After a version upgrade, the garbage collector is frequently running, leading to performance degradation or crashes. This issue is likely caused by changes in the application code or dependencies that increase memory usage or introduce inefficiencies.

Code Change Regression: Java Heap Saturated

Integration sources:MetricsSymptom ActivationInfrastructure Scraper

After a version upgrade, the Java heap is frequently congested, leading to performance degradation or crashes. This issue is likely caused by changes in the application code or dependencies that increase memory usage or introduce inefficiencies.

Code Change Regression: Lock Contention

Integration sources:MetricsSymptom ActivationInfrastructure Scraper

After a version upgrade, the application is experiencing frequent locking contention, leading to performance degradation or crashes.
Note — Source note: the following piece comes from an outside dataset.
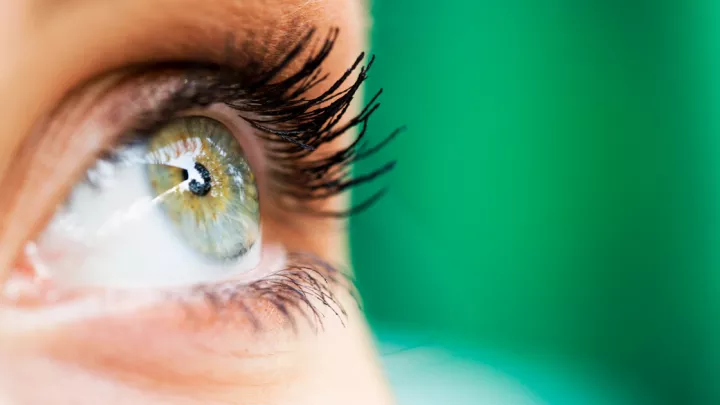 What Are Intacs® Corneal Implants For Keratoconus?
This issue is likely caused by changes in the application code or dependencies that increase locking or introduce inefficiencies.
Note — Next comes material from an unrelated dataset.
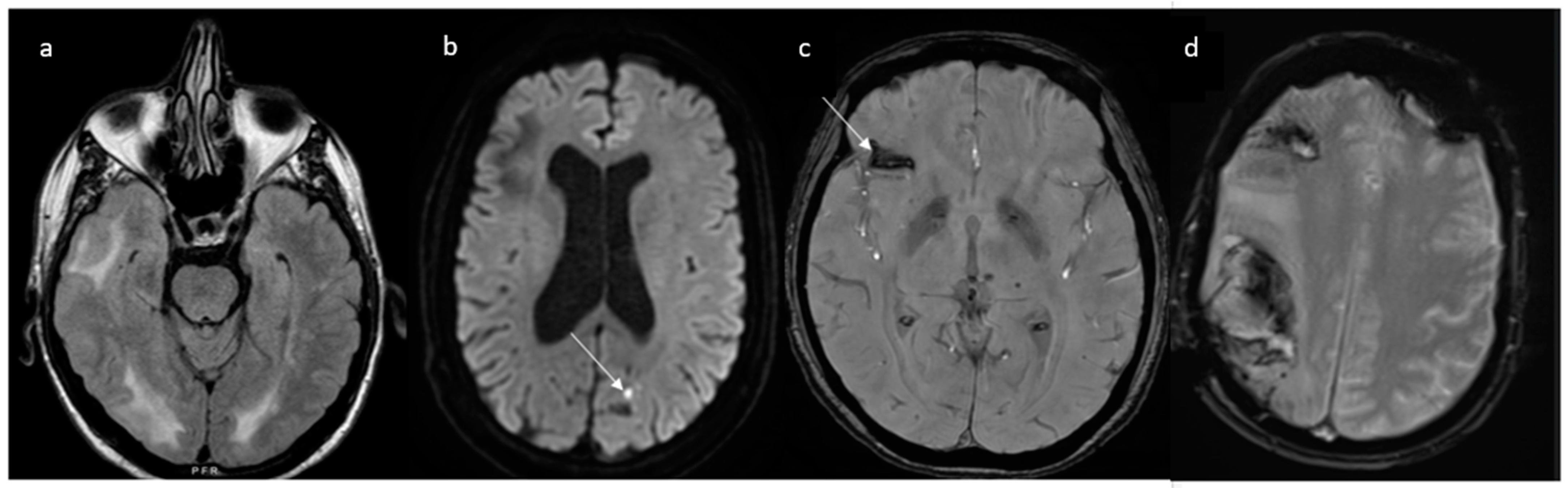 Jcm 13 05930 g005 Jcm 13 05930 g005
Code Change Regression: Memory Failure

Integration sources:Infrastructure Scraper

Memory failures after a code change can cause containers to crash or degrade performance, resulting in errors for end users or failed service requests. These issues occur when newly introduced code leads to unexpected increases in memory usage, triggering out-of-memory (OOM) errors and destabilizing the system.

Code Change Regression: Redis Connection Pool Saturated

Integration sources:MetricsSymptom ActivationInfrastructure Scraper

After a version upgrade, the Redis connection pool is frequently congested, leading to performance degradation or crashes. This issue is likely caused by changes in the application code or dependencies that increase Redis usage or introduce inefficiencies.

Code Change Regression: Slow Database Queries

After a version upgrade, the application is experiencing slow database queries that lead to downstream slow consumer behavior and potential resource starvation. This condition affects instance performance, particularly when query execution times become excessively long.